Each agent outputs structured JSON with findings and SUMMARY line.

Task Management (CC 2.1.16)

# Create main fix task
TaskCreate(
  subject="Fix issue #{number}",
  description="Systematic issue resolution with hypothesis-based RCA",
  activeForm="Fixing issue #{number}"
)

# Create subtasks for 11-phase process
phases = ["Understand issue", "Search similar issues", "Form hypotheses",
          "Analyze root cause", "Design fix", "Implement fix", "Validate fix",
          "Generate prevention", "Create runbook", "Capture lessons", "Commit and PR"]
for phase in phases:
    TaskCreate(subject=phase, activeForm=f"{phase}ing")

Agent Teams Rca

Agent Teams RCA Workflow

In Agent Teams mode, form an investigation team where RCA agents share hypotheses and evidence in real-time:

TeamCreate(team_name="fix-issue-{number}", description="RCA for issue #{number}")

Task(subagent_type="debug-investigator", name="root-cause-tracer",
     team_name="fix-issue-{number}",
     prompt="""Trace the root cause for issue #{number}: {issue description}
     Hypotheses: {hypothesis list from Phase 3}
     Test each hypothesis.
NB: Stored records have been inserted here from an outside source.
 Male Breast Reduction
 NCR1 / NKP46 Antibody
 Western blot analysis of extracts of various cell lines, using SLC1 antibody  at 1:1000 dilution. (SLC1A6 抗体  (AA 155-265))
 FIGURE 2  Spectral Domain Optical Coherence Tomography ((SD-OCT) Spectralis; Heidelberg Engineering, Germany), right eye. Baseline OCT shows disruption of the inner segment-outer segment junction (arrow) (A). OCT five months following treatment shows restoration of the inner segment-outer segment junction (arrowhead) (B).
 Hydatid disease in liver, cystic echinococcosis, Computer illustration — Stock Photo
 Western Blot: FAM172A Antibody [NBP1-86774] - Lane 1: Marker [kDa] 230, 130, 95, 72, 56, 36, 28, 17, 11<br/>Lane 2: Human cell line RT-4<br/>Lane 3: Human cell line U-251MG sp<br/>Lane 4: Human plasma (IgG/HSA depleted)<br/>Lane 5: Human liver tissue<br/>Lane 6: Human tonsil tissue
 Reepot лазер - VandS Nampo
When you find evidence supporting or refuting a hypothesis,
     message impact-analyst and the relevant domain expert (backend-expert or frontend-expert).
     If you find conflicting evidence, share it with ALL teammates for debate.""")

Task(subagent_type="debug-investigator", name="impact-analyst",
     team_name="fix-issue-{number}",
     prompt="""Analyze the impact and blast radius for issue #{number}.
     When root-cause-tracer shares evidence, assess how many code paths are affected.
     Message test-planner with affected paths so they can plan regression tests.
     If the impact is larger than expected, message the lead immediately.""")
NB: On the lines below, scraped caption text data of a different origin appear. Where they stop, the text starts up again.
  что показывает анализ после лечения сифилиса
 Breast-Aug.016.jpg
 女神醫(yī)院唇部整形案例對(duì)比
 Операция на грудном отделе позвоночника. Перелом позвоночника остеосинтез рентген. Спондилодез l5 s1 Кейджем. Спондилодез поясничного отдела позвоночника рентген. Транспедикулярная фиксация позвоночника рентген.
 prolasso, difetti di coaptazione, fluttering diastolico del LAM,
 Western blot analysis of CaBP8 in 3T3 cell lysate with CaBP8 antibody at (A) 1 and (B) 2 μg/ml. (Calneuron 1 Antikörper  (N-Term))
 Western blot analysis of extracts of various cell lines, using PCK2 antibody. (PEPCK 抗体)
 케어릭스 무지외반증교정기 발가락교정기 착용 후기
Task(subagent_type="backend-system-architect", name="backend-expert",
     team_name="fix-issue-{number}",
     prompt="""Investigate backend aspects of issue #{number}.
     When root-cause-tracer shares backend-related hypotheses, design the fix approach.
     Message frontend-expert if the fix affects API contracts.
     Share fix design with test-planner for test requirements.""")
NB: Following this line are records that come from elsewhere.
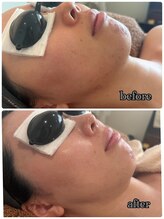 エイチビー(HB)/IPL光フェイシャル３回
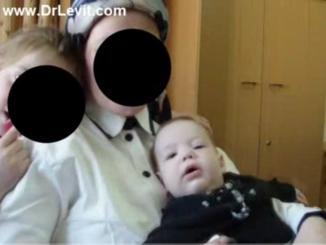 Слепой малыш 7 месяцев после сеансов у доктора Левит стал видеть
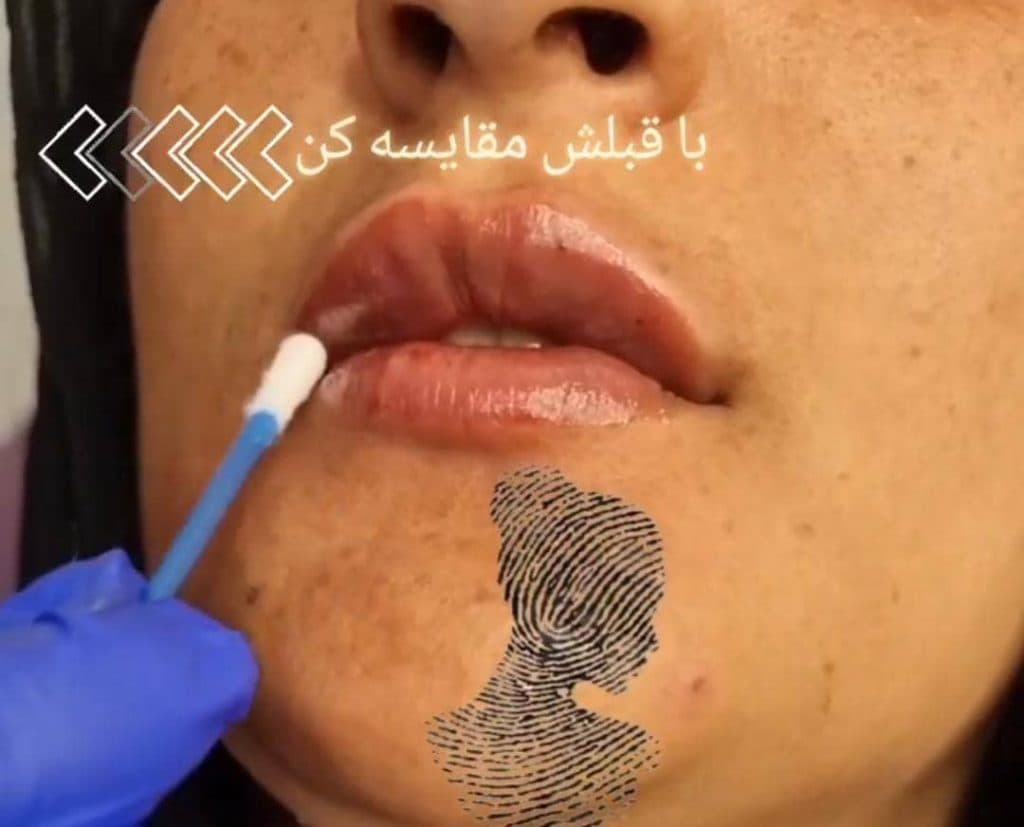 مرکز و کلینیک زیبایی لیزر ژل بوتاکس دکتر آرین صفری در نکا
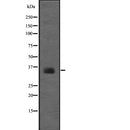 Western blot analysis of 67kDa Laminin Receptor  using COS7 whole  lysates.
Task(subagent_type="frontend-ui-developer", name="frontend-expert",
     team_name="fix-issue-{number}",
     prompt="""Investigate frontend aspects of issue #{number}.
     When root-cause-tracer shares frontend-related hypotheses, design the fix approach.
     If backend-expert changes API contracts, adapt the frontend fix accordingly.
     Share component changes with test-planner.""")

Task(subagent_type="test-generator", name="test-planner",
     team_name="fix-issue-{number}",
     prompt="""Plan regression tests for issue #{number}.
     When root-cause-tracer confirms the root cause, write a failing test that reproduces it.
     When backend-expert or frontend-expert share fix designs, plan verification tests.
     Start with the regression test BEFORE the fix is applied (TDD approach).""")

Team teardown after fix is implemented and validated:

SendMessage(type="shutdown_request", recipient="root-cause-tracer", content="Fix validated")
SendMessage(type="shutdown_request", recipient="impact-analyst", content="Fix validated")
SendMessage(type="shutdown_request", recipient="backend-expert", content="Fix validated")
SendMessage(type="shutdown_request", recipient="frontend-expert", content="Fix validated")
SendMessage(type="shutdown_request", recipient="test-planner", content="Fix validated")
TeamDelete()

Fallback: If team formation fails, use standard Phase 4 Task spawns.

Cc Enhancements

CC 2.1.27+ Enhancements for Fix Issue

Session Resume with PR Context

When you create a PR for the fix, the session is automatically linked:

# Later: Resume with full PR context
claude --from-pr 789

Task Metrics (CC 2.1.30)

Track RCA efficiency across the 5 parallel agents:

## Phase 4 Metrics (Root Cause Analysis)
| Agent | Tokens | Tools | Duration |
|-------|--------|-------|----------|
| debug-investigator #1 | 520 | 12 | 18s |
| debug-investigator #2 | 480 | 10 | 15s |
| backend-system-architect | 390 | 8 | 12s |

**Root cause found in:** 45s total

Tool Guidance (CC 2.1.31)

When investigating root cause:

TaskUseAvoid
Read logs/filesRead(file_path=...)bash cat
Search for errorsGrep(pattern="ERROR")bash grep
Find affected filesGlob(pattern="**/*.py")bash find
Check git historyBash git log/diff(git needs bash)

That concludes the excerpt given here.